* **ABOUT THIS EXERCISE**
The response should consist of the data reproduced word for word.

* **THE DATA**

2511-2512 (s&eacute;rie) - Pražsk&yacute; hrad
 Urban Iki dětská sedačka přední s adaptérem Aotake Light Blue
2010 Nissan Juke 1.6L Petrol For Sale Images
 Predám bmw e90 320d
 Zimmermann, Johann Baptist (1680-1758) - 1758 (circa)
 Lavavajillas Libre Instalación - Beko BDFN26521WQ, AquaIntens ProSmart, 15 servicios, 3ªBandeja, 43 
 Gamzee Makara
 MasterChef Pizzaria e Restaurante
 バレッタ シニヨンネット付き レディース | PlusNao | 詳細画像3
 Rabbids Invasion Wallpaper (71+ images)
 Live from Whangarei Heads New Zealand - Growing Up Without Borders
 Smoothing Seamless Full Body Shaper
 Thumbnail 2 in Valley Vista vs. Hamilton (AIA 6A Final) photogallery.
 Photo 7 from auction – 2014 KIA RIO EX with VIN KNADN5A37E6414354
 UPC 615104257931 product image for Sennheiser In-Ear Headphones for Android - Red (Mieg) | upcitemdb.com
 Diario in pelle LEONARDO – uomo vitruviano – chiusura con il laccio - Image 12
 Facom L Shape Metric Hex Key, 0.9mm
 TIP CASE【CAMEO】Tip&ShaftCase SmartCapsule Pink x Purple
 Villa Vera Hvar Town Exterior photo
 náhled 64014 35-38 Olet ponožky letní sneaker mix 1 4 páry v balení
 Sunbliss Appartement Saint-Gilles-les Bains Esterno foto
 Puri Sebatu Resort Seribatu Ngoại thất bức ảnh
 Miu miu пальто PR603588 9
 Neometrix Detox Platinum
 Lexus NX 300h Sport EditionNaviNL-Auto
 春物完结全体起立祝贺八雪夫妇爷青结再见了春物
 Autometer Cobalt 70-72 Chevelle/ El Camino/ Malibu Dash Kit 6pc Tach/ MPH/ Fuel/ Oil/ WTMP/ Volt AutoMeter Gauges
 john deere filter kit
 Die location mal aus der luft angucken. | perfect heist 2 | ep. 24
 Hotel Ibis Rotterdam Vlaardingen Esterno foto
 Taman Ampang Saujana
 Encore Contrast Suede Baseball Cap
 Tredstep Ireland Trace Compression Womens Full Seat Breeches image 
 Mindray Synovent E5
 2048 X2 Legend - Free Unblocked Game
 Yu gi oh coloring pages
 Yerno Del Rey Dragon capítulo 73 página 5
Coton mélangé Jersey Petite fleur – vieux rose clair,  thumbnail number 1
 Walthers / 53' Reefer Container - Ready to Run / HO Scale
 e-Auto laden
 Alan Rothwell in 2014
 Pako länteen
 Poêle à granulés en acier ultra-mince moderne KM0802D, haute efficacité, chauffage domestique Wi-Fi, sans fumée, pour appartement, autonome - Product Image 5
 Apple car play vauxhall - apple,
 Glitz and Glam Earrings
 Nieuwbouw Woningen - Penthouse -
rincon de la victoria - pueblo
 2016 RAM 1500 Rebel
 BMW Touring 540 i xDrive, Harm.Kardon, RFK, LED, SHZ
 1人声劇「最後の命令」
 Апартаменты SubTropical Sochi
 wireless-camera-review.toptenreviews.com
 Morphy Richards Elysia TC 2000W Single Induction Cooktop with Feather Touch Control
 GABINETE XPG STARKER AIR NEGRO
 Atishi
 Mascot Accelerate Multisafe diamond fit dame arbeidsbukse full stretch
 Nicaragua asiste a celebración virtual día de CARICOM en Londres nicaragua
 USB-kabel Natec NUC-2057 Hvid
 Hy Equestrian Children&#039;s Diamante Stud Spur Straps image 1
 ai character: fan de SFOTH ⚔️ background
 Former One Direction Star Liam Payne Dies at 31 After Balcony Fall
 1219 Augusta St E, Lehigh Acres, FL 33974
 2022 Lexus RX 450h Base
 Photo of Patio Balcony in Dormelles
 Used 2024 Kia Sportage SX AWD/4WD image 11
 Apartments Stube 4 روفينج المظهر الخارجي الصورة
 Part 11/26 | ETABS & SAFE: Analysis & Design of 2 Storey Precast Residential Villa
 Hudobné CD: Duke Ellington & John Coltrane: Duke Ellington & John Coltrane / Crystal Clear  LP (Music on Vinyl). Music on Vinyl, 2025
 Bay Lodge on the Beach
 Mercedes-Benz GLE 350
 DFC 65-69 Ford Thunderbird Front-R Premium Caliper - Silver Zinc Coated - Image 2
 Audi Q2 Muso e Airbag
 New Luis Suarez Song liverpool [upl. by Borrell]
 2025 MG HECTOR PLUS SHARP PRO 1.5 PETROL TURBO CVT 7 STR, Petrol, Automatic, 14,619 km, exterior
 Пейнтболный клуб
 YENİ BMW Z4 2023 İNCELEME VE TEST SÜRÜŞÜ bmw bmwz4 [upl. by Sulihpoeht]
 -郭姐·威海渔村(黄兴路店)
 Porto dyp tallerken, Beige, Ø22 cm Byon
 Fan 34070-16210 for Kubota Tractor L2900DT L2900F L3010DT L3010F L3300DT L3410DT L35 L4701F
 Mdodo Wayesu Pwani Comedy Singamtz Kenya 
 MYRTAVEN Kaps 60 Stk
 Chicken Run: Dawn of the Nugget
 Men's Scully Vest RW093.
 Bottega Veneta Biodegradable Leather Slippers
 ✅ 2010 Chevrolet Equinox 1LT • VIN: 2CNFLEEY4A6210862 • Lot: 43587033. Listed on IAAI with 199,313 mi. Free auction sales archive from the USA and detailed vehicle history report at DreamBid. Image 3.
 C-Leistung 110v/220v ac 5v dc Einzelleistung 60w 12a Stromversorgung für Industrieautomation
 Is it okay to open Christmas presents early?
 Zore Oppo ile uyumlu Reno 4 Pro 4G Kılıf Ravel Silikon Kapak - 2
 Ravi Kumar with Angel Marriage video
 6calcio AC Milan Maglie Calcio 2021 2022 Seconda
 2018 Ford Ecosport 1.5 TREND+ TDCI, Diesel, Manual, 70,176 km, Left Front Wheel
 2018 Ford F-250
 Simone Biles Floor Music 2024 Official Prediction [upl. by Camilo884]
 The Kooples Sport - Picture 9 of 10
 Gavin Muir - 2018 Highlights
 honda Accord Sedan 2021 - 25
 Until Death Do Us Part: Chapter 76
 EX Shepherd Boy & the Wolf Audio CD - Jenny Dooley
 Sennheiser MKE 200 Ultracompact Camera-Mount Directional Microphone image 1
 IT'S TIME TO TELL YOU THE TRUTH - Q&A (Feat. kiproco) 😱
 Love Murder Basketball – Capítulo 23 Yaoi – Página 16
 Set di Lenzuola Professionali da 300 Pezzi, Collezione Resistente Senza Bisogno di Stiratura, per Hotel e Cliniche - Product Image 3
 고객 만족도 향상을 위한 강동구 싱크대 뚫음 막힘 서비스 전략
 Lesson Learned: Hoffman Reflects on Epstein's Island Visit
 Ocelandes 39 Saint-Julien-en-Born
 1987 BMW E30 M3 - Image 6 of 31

* **RESPONSE FOR THIS EXERCISE**
2511-2512 (s&eacute;rie) - Pražsk&yacute; hrad
 Urban Iki dětská sedačka přední s adaptérem Aotake Light Blue
2010 Nissan Juke 1.6L Petrol For Sale Images
 Predám bmw e90 320d
 Zimmermann, Johann Baptist (1680-1758) - 1758 (circa)
 Lavavajillas Libre Instalación - Beko BDFN26521WQ, AquaIntens ProSmart, 15 servicios, 3ªBandeja, 43 
 Gamzee Makara
 MasterChef Pizzaria e Restaurante
 バレッタ シニヨンネット付き レディース | PlusNao | 詳細画像3
 Rabbids Invasion Wallpaper (71+ images)
 Live from Whangarei Heads New Zealand - Growing Up Without Borders
 Smoothing Seamless Full Body Shaper
 Thumbnail 2 in Valley Vista vs. Hamilton (AIA 6A Final) photogallery.
 Photo 7 from auction – 2014 KIA RIO EX with VIN KNADN5A37E6414354
 UPC 615104257931 product image for Sennheiser In-Ear Headphones for Android - Red (Mieg) | upcitemdb.com
 Diario in pelle LEONARDO – uomo vitruviano – chiusura con il laccio - Image 12
 Facom L Shape Metric Hex Key, 0.9mm
 TIP CASE【CAMEO】Tip&ShaftCase SmartCapsule Pink x Purple
 Villa Vera Hvar Town Exterior photo
 náhled 64014 35-38 Olet ponožky letní sneaker mix 1 4 páry v balení
 Sunbliss Appartement Saint-Gilles-les Bains Esterno foto
 Puri Sebatu Resort Seribatu Ngoại thất bức ảnh
 Miu miu пальто PR603588 9
 Neometrix Detox Platinum
 Lexus NX 300h Sport EditionNaviNL-Auto
 春物完结全体起立祝贺八雪夫妇爷青结再见了春物
 Autometer Cobalt 70-72 Chevelle/ El Camino/ Malibu Dash Kit 6pc Tach/ MPH/ Fuel/ Oil/ WTMP/ Volt AutoMeter Gauges
 john deere filter kit
 Die location mal aus der luft angucken. | perfect heist 2 | ep. 24
 Hotel Ibis Rotterdam Vlaardingen Esterno foto
 Taman Ampang Saujana
 Encore Contrast Suede Baseball Cap
 Tredstep Ireland Trace Compression Womens Full Seat Breeches image 
 Mindray Synovent E5
 2048 X2 Legend - Free Unblocked Game
 Yu gi oh coloring pages
 Yerno Del Rey Dragon capítulo 73 página 5
Coton mélangé Jersey Petite fleur – vieux rose clair,  thumbnail number 1
 Walthers / 53' Reefer Container - Ready to Run / HO Scale
 e-Auto laden
 Alan Rothwell in 2014
 Pako länteen
 Poêle à granulés en acier ultra-mince moderne KM0802D, haute efficacité, chauffage domestique Wi-Fi, sans fumée, pour appartement, autonome - Product Image 5
 Apple car play vauxhall - apple,
 Glitz and Glam Earrings
 Nieuwbouw Woningen - Penthouse -
rincon de la victoria - pueblo
 2016 RAM 1500 Rebel
 BMW Touring 540 i xDrive, Harm.Kardon, RFK, LED, SHZ
 1人声劇「最後の命令」
 Апартаменты SubTropical Sochi
 wireless-camera-review.toptenreviews.com
 Morphy Richards Elysia TC 2000W Single Induction Cooktop with Feather Touch Control
 GABINETE XPG STARKER AIR NEGRO
 Atishi
 Mascot Accelerate Multisafe diamond fit dame arbeidsbukse full stretch
 Nicaragua asiste a celebración virtual día de CARICOM en Londres nicaragua
 USB-kabel Natec NUC-2057 Hvid
 Hy Equestrian Children&#039;s Diamante Stud Spur Straps image 1
 ai character: fan de SFOTH ⚔️ background
 Former One Direction Star Liam Payne Dies at 31 After Balcony Fall
 1219 Augusta St E, Lehigh Acres, FL 33974
 2022 Lexus RX 450h Base
 Photo of Patio Balcony in Dormelles
 Used 2024 Kia Sportage SX AWD/4WD image 11
 Apartments Stube 4 روفينج المظهر الخارجي الصورة
 Part 11/26 | ETABS & SAFE: Analysis & Design of 2 Storey Precast Residential Villa
 Hudobné CD: Duke Ellington & John Coltrane: Duke Ellington & John Coltrane / Crystal Clear  LP (Music on Vinyl). Music on Vinyl, 2025
 Bay Lodge on the Beach
 Mercedes-Benz GLE 350
 DFC 65-69 Ford Thunderbird Front-R Premium Caliper - Silver Zinc Coated - Image 2
 Audi Q2 Muso e Airbag
 New Luis Suarez Song liverpool [upl. by Borrell]
 2025 MG HECTOR PLUS SHARP PRO 1.5 PETROL TURBO CVT 7 STR, Petrol, Automatic, 14,619 km, exterior
 Пейнтболный клуб
 YENİ BMW Z4 2023 İNCELEME VE TEST SÜRÜŞÜ bmw bmwz4 [upl. by Sulihpoeht]
 -郭姐·威海渔村(黄兴路店)
 Porto dyp tallerken, Beige, Ø22 cm Byon
 Fan 34070-16210 for Kubota Tractor L2900DT L2900F L3010DT L3010F L3300DT L3410DT L35 L4701F
 Mdodo Wayesu Pwani Comedy Singamtz Kenya 
 MYRTAVEN Kaps 60 Stk
 Chicken Run: Dawn of the Nugget
 Men's Scully Vest RW093.
 Bottega Veneta Biodegradable Leather Slippers
 ✅ 2010 Chevrolet Equinox 1LT • VIN: 2CNFLEEY4A6210862 • Lot: 43587033. Listed on IAAI with 199,313 mi. Free auction sales archive from the USA and detailed vehicle history report at DreamBid. Image 3.
 C-Leistung 110v/220v ac 5v dc Einzelleistung 60w 12a Stromversorgung für Industrieautomation
 Is it okay to open Christmas presents early?
 Zore Oppo ile uyumlu Reno 4 Pro 4G Kılıf Ravel Silikon Kapak - 2
 Ravi Kumar with Angel Marriage video
 6calcio AC Milan Maglie Calcio 2021 2022 Seconda
 2018 Ford Ecosport 1.5 TREND+ TDCI, Diesel, Manual, 70,176 km, Left Front Wheel
 2018 Ford F-250
 Simone Biles Floor Music 2024 Official Prediction [upl. by Camilo884]
 The Kooples Sport - Picture 9 of 10
 Gavin Muir - 2018 Highlights
 honda Accord Sedan 2021 - 25
 Until Death Do Us Part: Chapter 76
 EX Shepherd Boy & the Wolf Audio CD - Jenny Dooley
 Sennheiser MKE 200 Ultracompact Camera-Mount Directional Microphone image 1
 IT'S TIME TO TELL YOU THE TRUTH - Q&A (Feat. kiproco) 😱
 Love Murder Basketball – Capítulo 23 Yaoi – Página 16
 Set di Lenzuola Professionali da 300 Pezzi, Collezione Resistente Senza Bisogno di Stiratura, per Hotel e Cliniche - Product Image 3
 고객 만족도 향상을 위한 강동구 싱크대 뚫음 막힘 서비스 전략
 Lesson Learned: Hoffman Reflects on Epstein's Island Visit
 Ocelandes 39 Saint-Julien-en-Born
 1987 BMW E30 M3 - Image 6 of 31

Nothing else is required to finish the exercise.